„In der Bettenabteilung standen die Fans Schlange. Es gab Alba-Basketbälle, Alba-Kissen, Alba-Fahnen. Es gab riesige Femerling-Pappaufsteller, Femerling-Poster, ein Femerling-Gewinnspiel. Es gab ein Glücksrad. Ein paar Cheerleader begrüßten den Kapitän.

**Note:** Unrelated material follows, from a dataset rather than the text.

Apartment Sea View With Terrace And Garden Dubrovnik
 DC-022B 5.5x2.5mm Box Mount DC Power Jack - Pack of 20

‘Endlich gibt es Betten, die uns gewachsen sind’ stand auf einem Poster. Das Alba-Bett war ein Sonderanfertigung und stand mittem im Möbelhaus, ein Monstrum in Türkis und Gelb, 2,40 mal 2,40. Der Albatros, das Berliner Maskottchen, saß auf der Bettkante und ließ sich fotografieren. Einer der Männer winkte dem Moderator, einem solariumverbrannten Mittvierziger mit ‘Hansi’ auf dem Namensschild. Er trug bunt karierte Cowboystiefel und schweren Silberschmuck. ‘Der Kapitän per-sön-lich!’, annoncierte er in sein kabelloses Mikrofon. ‘Patrick Femerling, ein ganz großer Typ!’ Hansi betonte jedes Wort, als wäre es das wichtigste Wort des Satzes, er hatte eine Losbudenstimme, einen Autoscootertonfall. ‘Das ist ja einfach der Hammer hier und heute!’ Er hob den Daumen und führte uns zu einem vorbereiteten Tisch. ‘Zett, zett, meine Damen’, sagte er, ‘zügig, zügig!’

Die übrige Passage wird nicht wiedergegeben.